Thursday, June 26, 2014

VESAK DAY AT BOROBUDUR TEMPLE III - INDONESIA

crowd at the gates
As I watched magnificent Borobudur temple during the storm and rain from the safety of my hotel during the night of May 14th, I decided to go back down since I flew to this event specially all the way from Europe. Luckily the rain had stopped around 9pm and I asked for a driver in the Hotel's lobby. 

Several people were scheduled to go down at 10:30pm and I joined them. Our driver tried to let us exit at the west gate but we were denied entry. We were told that nobody was allowed into the inner temple grounds until mid-night and that we had to go to the more busy eastern gate. 

Reaching the eastern gate around 11pm we could see masses of people gathering at the gates. I made it all the way to the front and waited until it was almost midnight. At that time there was no way I could have made it to the gate because of the huge crowd. However, the police forces started to build up with all kinds of uniformed and armed guards. They made announcements in Indonesian language but of course I did not understand anything. Only when I saw the guards forming a line with their police batons dawned it on me that they wanted us to move back, which was really impossible due to the mass of people behind us. 
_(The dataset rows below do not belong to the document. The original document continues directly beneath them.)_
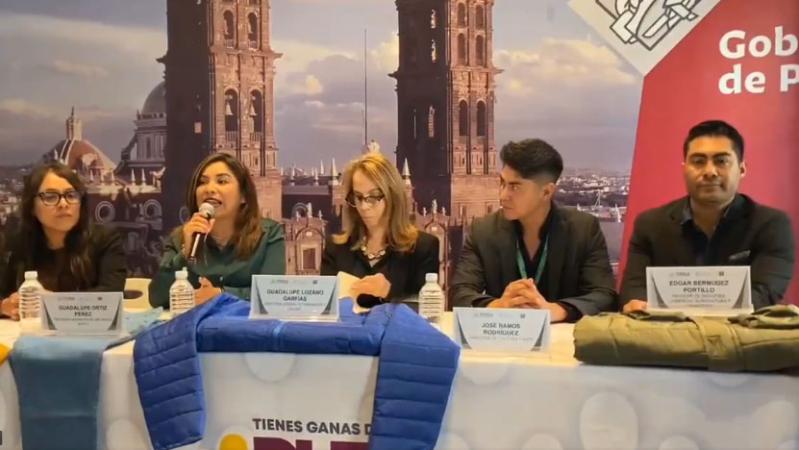 Xoxtla invita a la Feria Invernal 2024: música, arte y tradición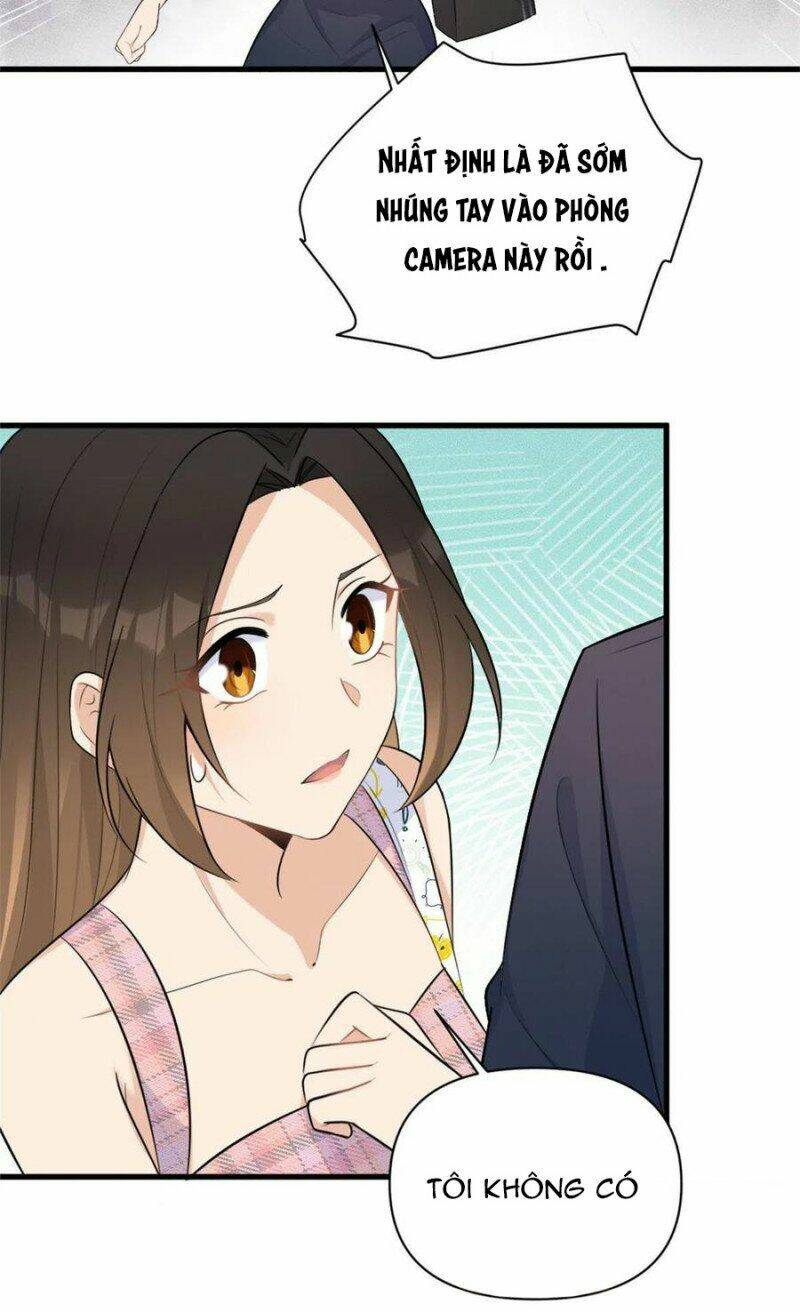 vẫn cứ nhớ em, nhớ em chapter 65 19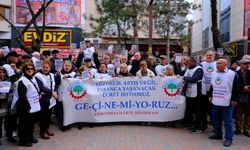 Eskişehir’de emekliler isyanda: Yılların birikimi olan emeğimiz gasp edildi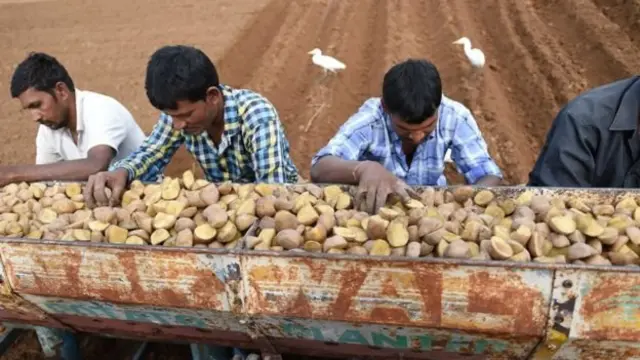 2022ஆம் ஆண்டுக்குள் விவசாயிகள் வருமானம் இரட்டிப்பாகுமா?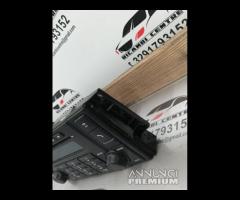 PANNELLO CLIMA ARIA CONDIZIONATA LAND ROVER FREELA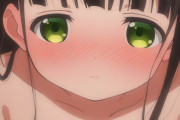 【ごちうさ】千夜ちゃんと恋人SEXするエロ画像♥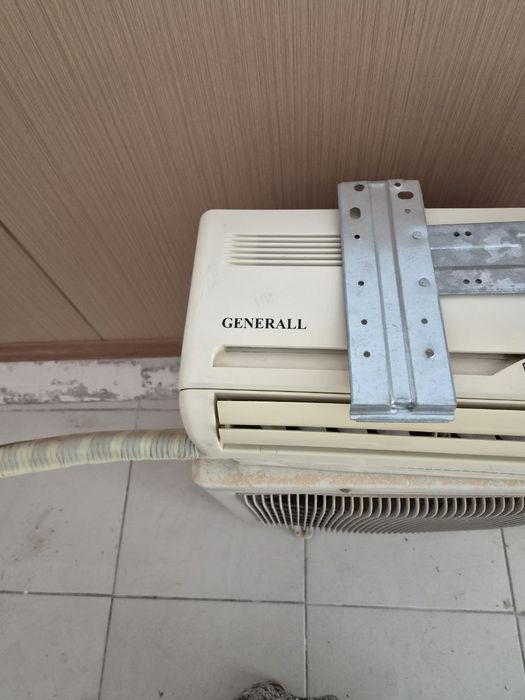 Кондиционер 12 "General" б/у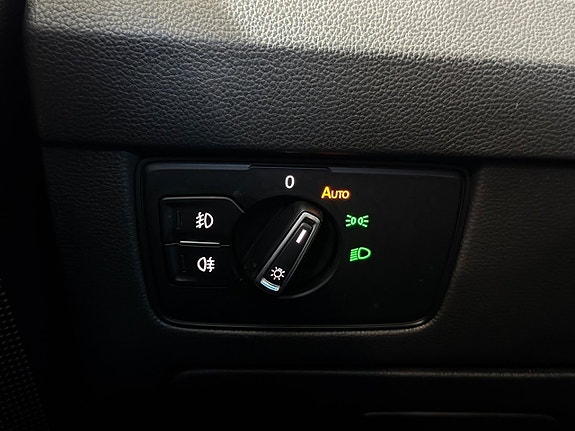 Volkswagen Passat Alltrack 24 of 24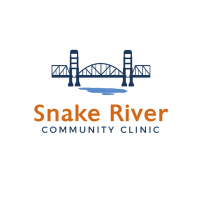 Snake River Community Clinic Logo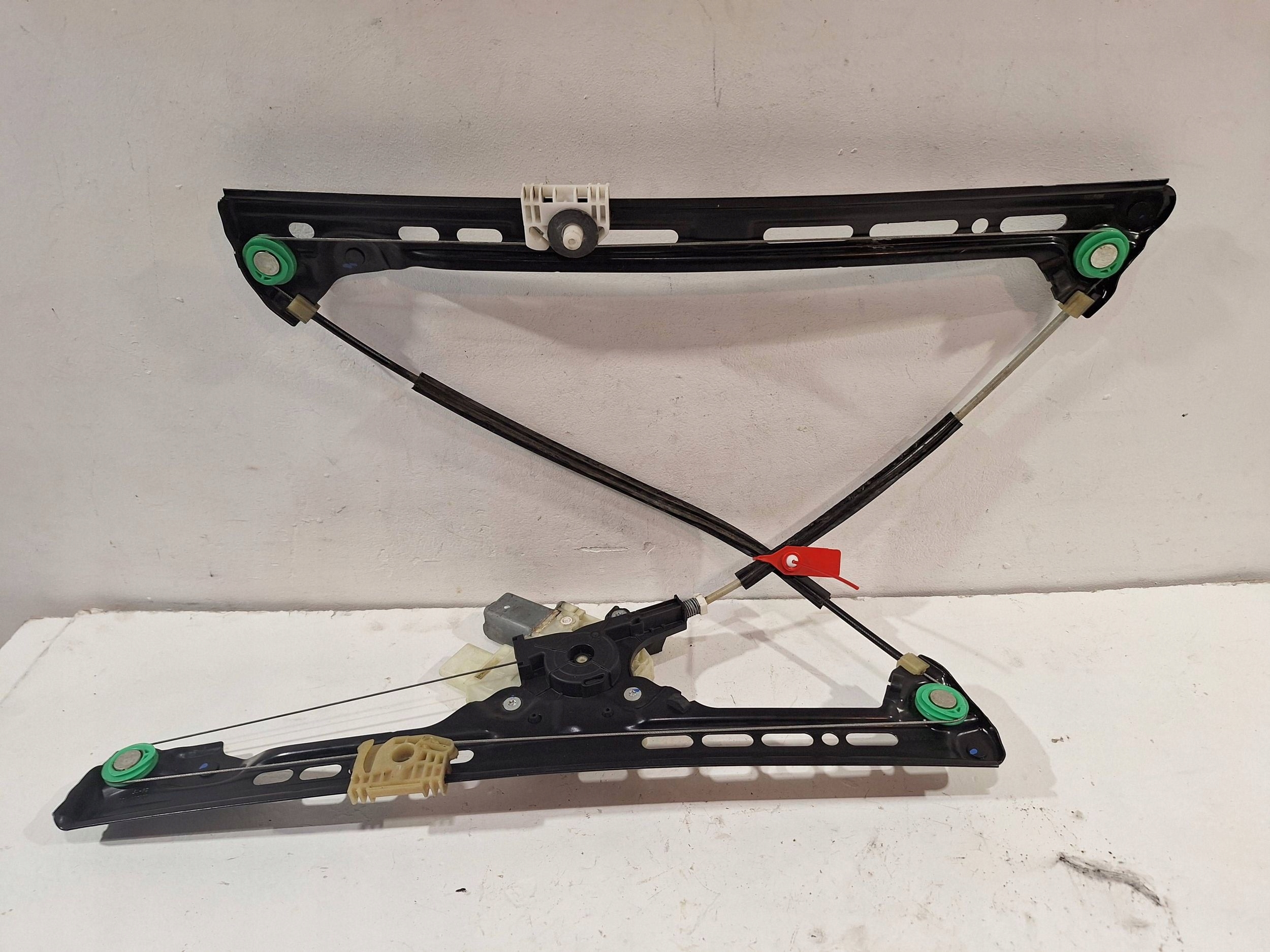 window regulator front right 9675288880 CITROEN C4 PICASSO 06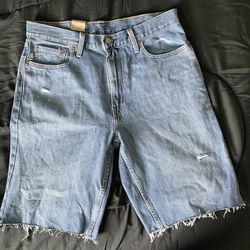 LEVI SHORTS
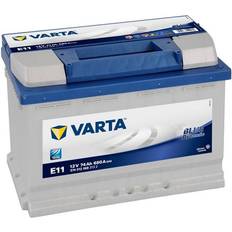 Varta E11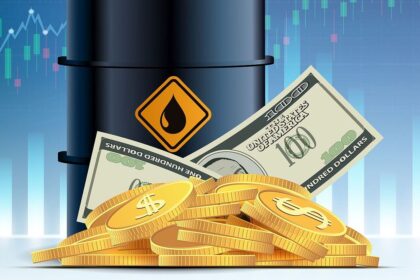 Se dispara el petróleo, salta el oro y caen las bolsas: el primer efecto de la guerra en Medio Oriente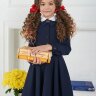Школьное платье арт. 55156
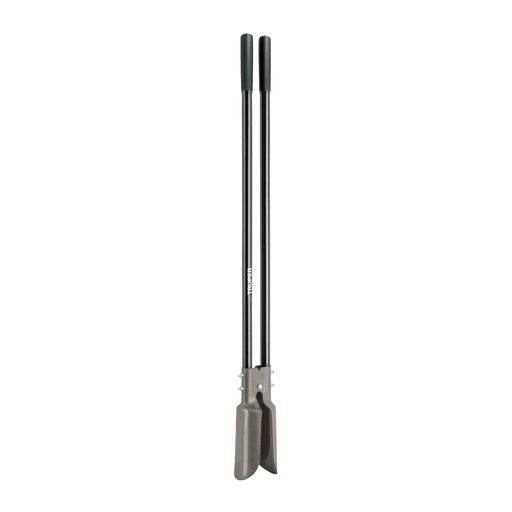 [T11131] Cavador mangos de acero 45', Truper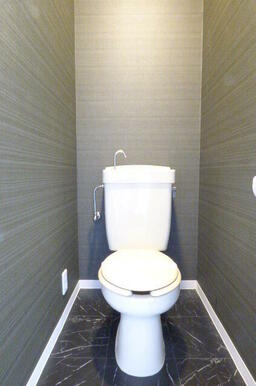 ★もちろんバストイレ別です★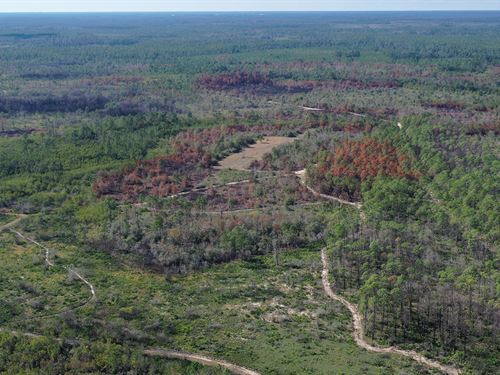 Southport Recreational Investment : Southport : Bay County : Florida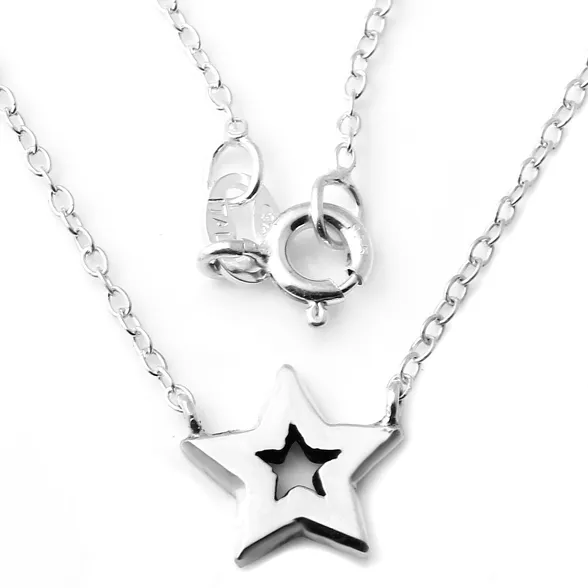 STAR Petite Pendant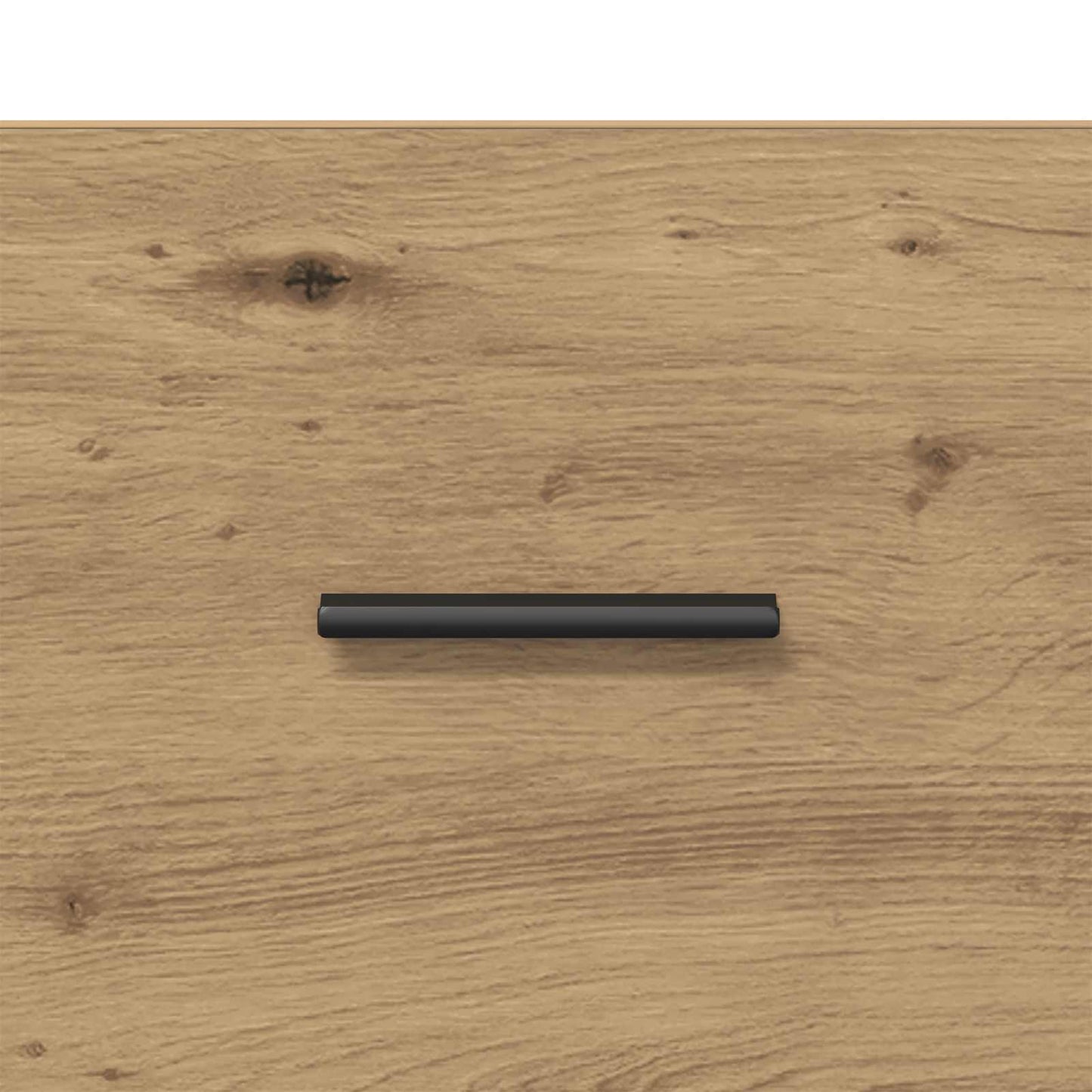 Nachttisch Artisan-Eiche 35 x 50 x 60 cm Holzwerkstoff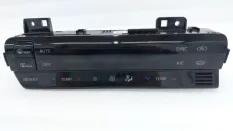 Блок управления климат контролем Kia K5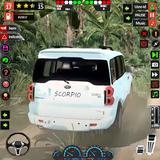 Offroad Jeep Driving 4x4 Sim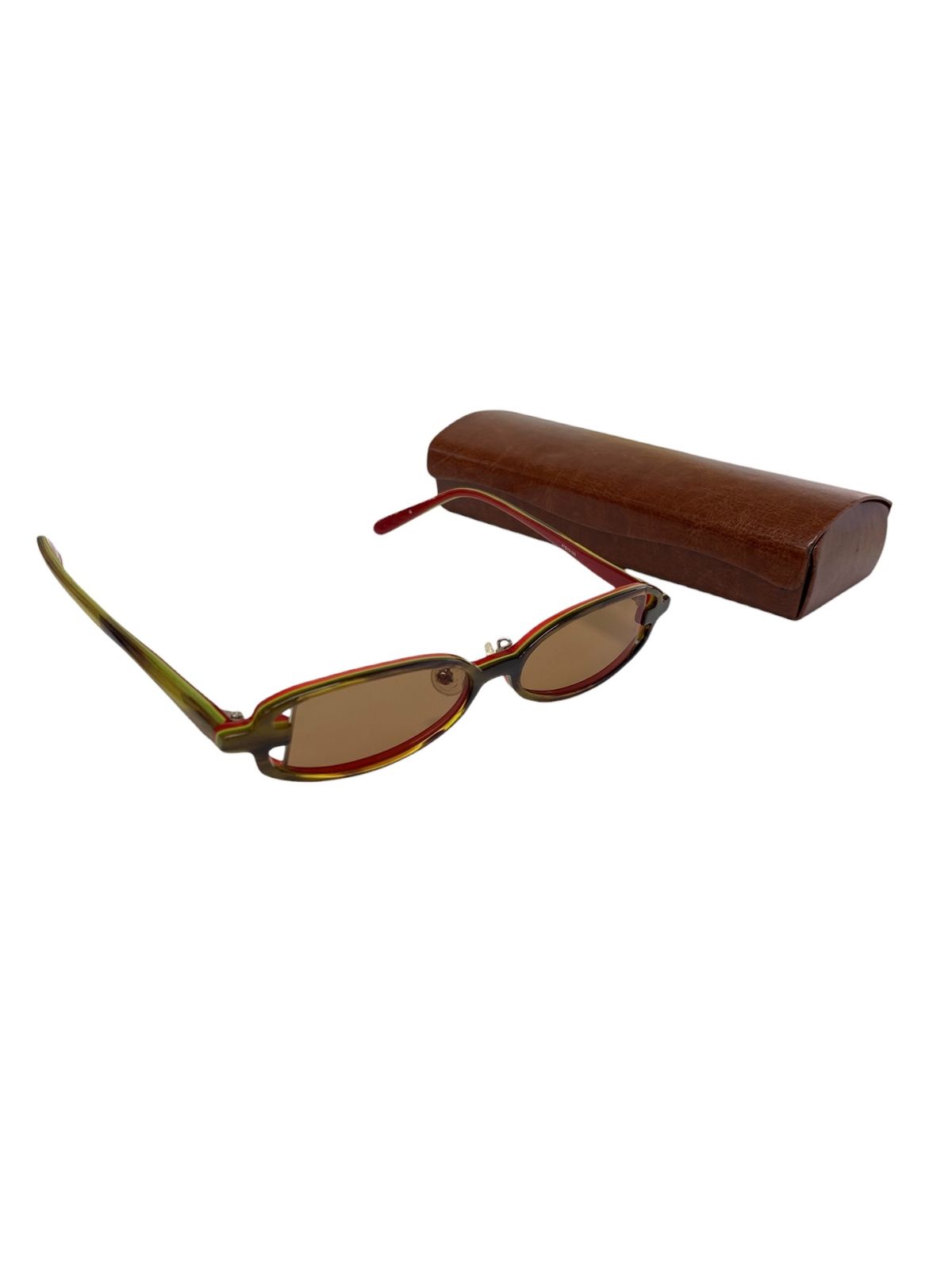 スタンダード カリフォルニア×金子眼鏡　TYPE 1 べっ甲　サングラス STANDARD CALIFORNIA スタンダードカリフォルニア KANEKO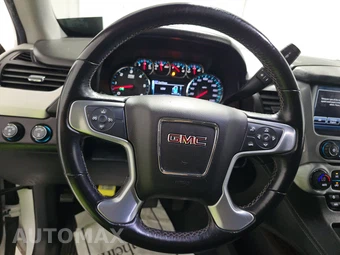 2019 GMC Yukon XL SLE – miniatura 10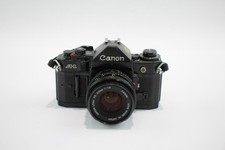Vintage canon slr for sale  LEEDS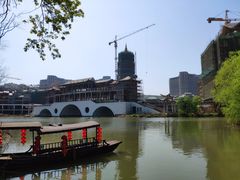-长兴太湖图影湿地文化园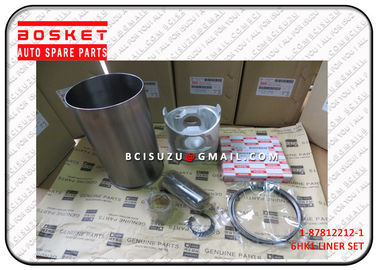 Mobil Isuzu Liner Set Untuk ZX330 6HK11878122122 1-87812212-2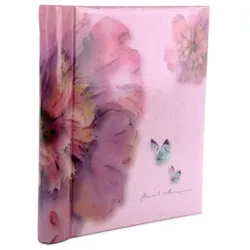 Фотоальбом 30 "магнитных"листов 23X28см, Veld   ...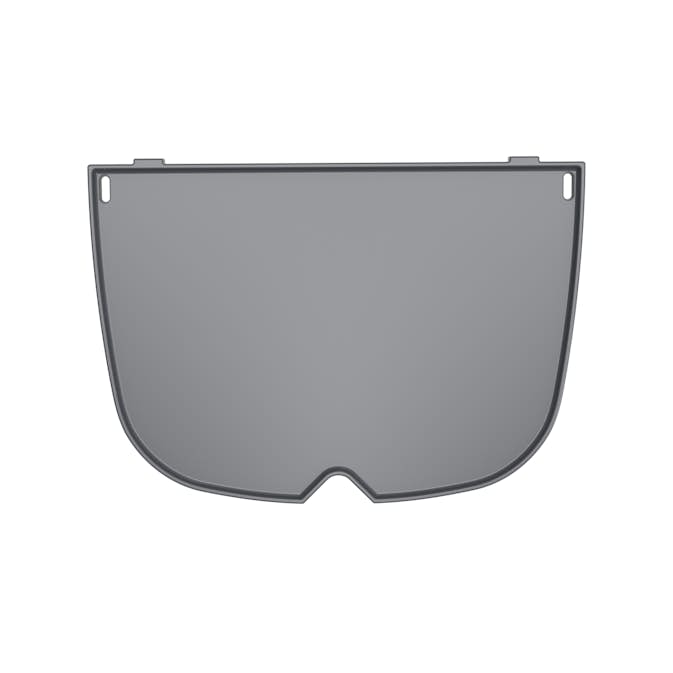 Stekeplate Weber Q1XXXn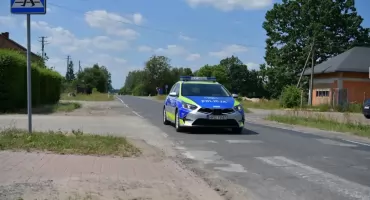 Długo oczekiwany remont staje się faktem. Rusza przebudowa drogi wojewódzkiej nr 807
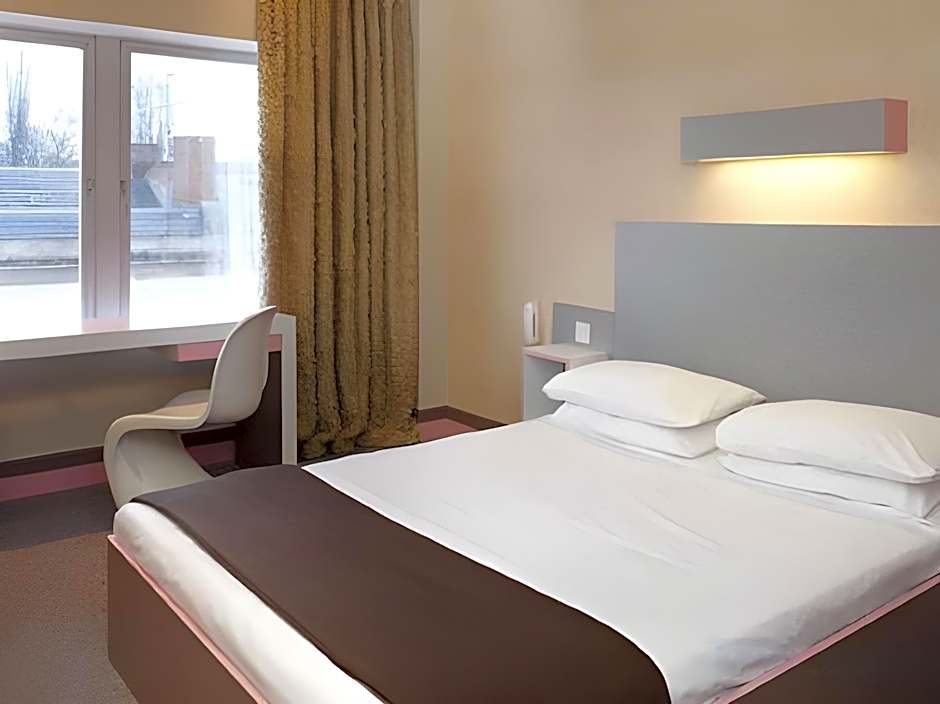 Citrus Hotel Cheltenham by Compass Hospitality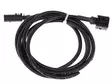 ÄÄRIVALON JOHTOSARJA 2-NAP 2M MM VOLVO/SC - Yleisosat ja tarvikkeet - 50523 - 1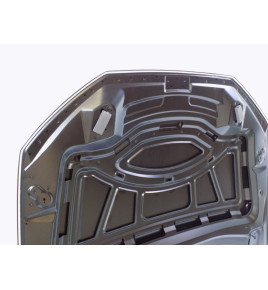 Audi Q7 4M 2015–  Motorhaube – 4239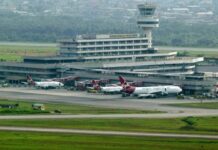 FAAN Simulates Emergency Response in Lagos Airport Exercise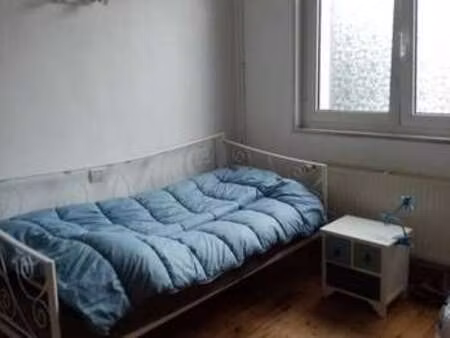 location appartement t1 meublé à valenciennes (59300) : à louer t1 meublé / 17m² valencien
They finally informed us that we had to walk one by one towards the check points, show our ID tags and open our bags. Several guards kept checking me and their own nervousness made me nervous, despite the fact that i was on the proximity of one of the most important Buddhist temples. 

I finally made it in as one of the first persons and for sure one of the first non-Indonesians. Just what I had hoped for, since taking photos of Borobudur at night during Vesak festival and without any people on it was just like a dream come true!

I had seen the temple in the dark morning hours, during sunrise and sunset and during day time but at midnight in the fog and clouds had a special touch to it. 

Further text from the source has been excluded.